Lessons Learned: The project team felt this Change Management Approach was successful in its aims. It raised awareness of the need for Change Management across the institution and was able to highlight issues that projects were experiencing with the relevant staff to achieve action. The project team note that the benefits of the Change Management Approach would not have occurred without the following:
- A consistent message which could be given out from project team to all stakeholders engaged in initiatives. This resulted in hearing our own message repeated back to us.
- Independence/ neutrality of the project team - the project team were well known in the University, and were seen as discreet and independent of any service or faculty. This allowed stakeholders to speak freely about perceptions and issues encountered. An 'agent provocateur' department is very useful.

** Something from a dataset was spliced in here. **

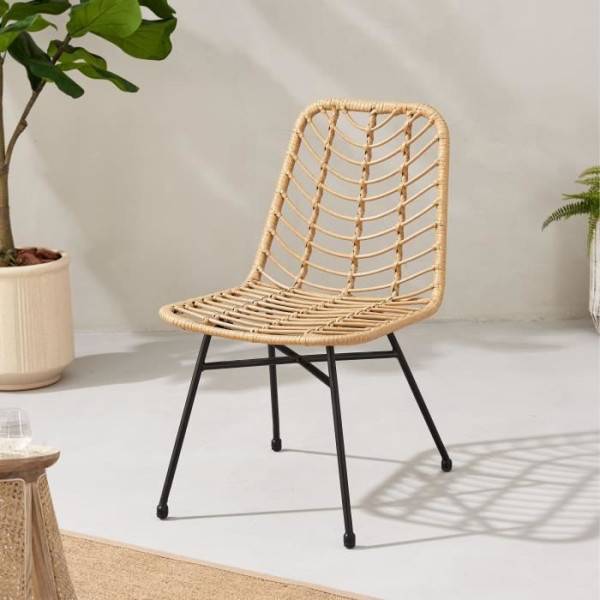 Lot de 2 chaises de jardin - Imitation rotin naturel - Structure acier - L63,5 x H 86 x P 48 cm - Image 2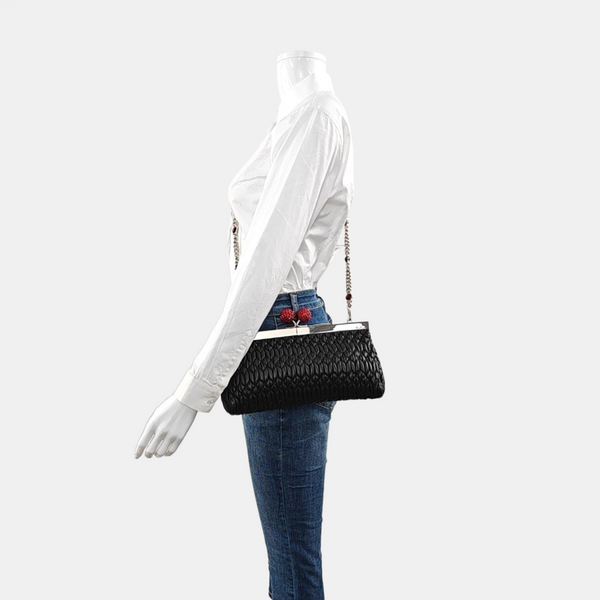 Miu Belle Quilted Lambskin Black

- The ability to understand and communicate links to systems and processes, this was something that developed during the project but was very useful in explaining how we could move forward as an institution. This was particularly useful in highlighting issues with our quality processes for external examiners and the work taken on by administrators in the faculties. Enterprise Architecture models were a useful tool to communicate the duplication of effort and information to senior management.
- A leader with sufficient weight to open doors to the right people at the start of the project, which helped in organising initial meetings with senior staff.
- Presentation is important and needs to fit your organisation. For example, for us it was important not to badge things internally as 'Enable' as this had the issue of being seen as an external project, not something internally driven. By stating 'we have found.../evidence/experience has shown us that....' it was seen as part of our day to day work, which means the work we are doing can carry on beyond Enable.
- A consistent executive/senior management team, with a clear strategy is helpful when trying to say where you are going. Alongside this, governance needs to be clear and needs to support both the initiation of initiatives and their closure when necessary. It's OK to stop initiatives where there is no longer a benefit to them running, where their benefit is outweighed by a negative impact elsewhere or where they don't have a clear goal.